- INSTRUCTIONS TO FOLLOW
For this exercise, output exactly the lines from the opening line of the listing through the line with "On average each", skipping pictures.

- PROVIDED ENTRIES

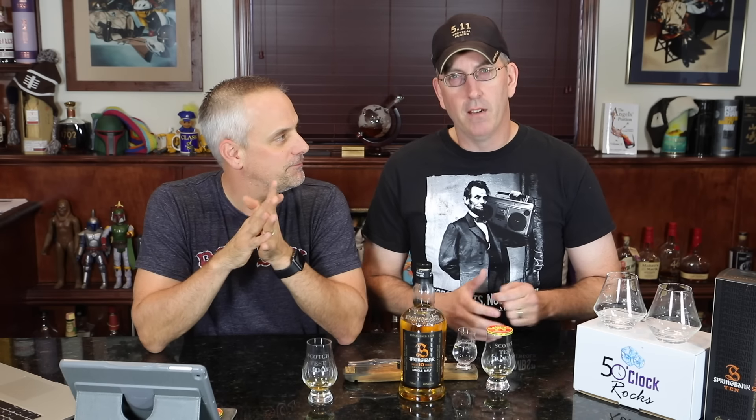Spring Bank 10. Now, our trusty liquor store guy, Tall Matt, actually kind of messed up on this one — he thought this was peated, and it's not. Spring Bank 10 is not peated. He also looks a lot like a tall, younger Will Wheaton — Stand By Me, Star Trek — and now he runs a board game show.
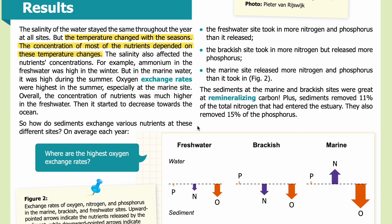On average each year, the freshwater site took in more nitrogen and phosphorus than it released. The brackish site took in more nitrogen but released more phosphorus. The marine site released more nitrogen and phosphorus than it took in. The sediments at the marine and brackish sites were great at remineralizing carbon. Overall, sediments removed 11 percent of the total nitrogen that had entered the estuary, and also removed 15 percent of the phosphorus.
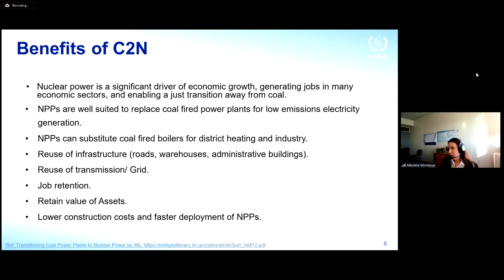A common complaint about nuclear is slow construction and high capital cost; however, the repurposing approach will provide for faster deployment and lower construction costs, though the exact numbers are more on a case-by-case basis.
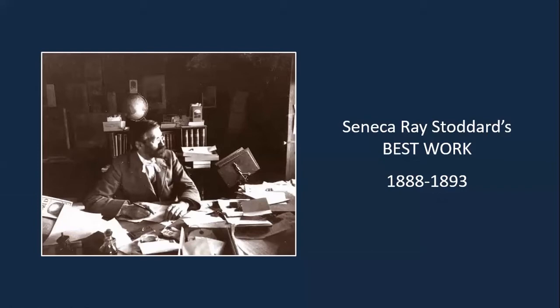Good evening, everybody. I'm Tim Widener. I'm the director of the Chapman Museum. And our topic this evening is Seneca Ray Stoddard's best work.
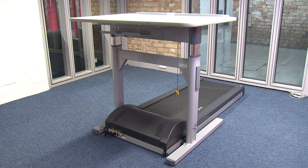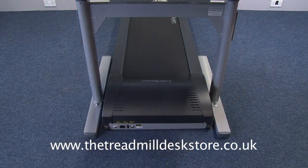Whether it's to buy or just give it a try, visit our website at thetreadmildeskstore.co.uk to find out where you can see this desk.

- TASK OUTPUT
Spring Bank 10. Now, our trusty liquor store guy, Tall Matt, actually kind of messed up on this one — he thought this was peated, and it's not. Spring Bank 10 is not peated. He also looks a lot like a tall, younger Will Wheaton — Stand By Me, Star Trek — and now he runs a board game show.
On average each year, the freshwater site took in more nitrogen and phosphorus than it released. The brackish site took in more nitrogen but released more phosphorus. The marine site released more nitrogen and phosphorus than it took in. The sediments at the marine and brackish sites were great at remineralizing carbon. Overall, sediments removed 11 percent of the total nitrogen that had entered the estuary, and also removed 15 percent of the phosphorus.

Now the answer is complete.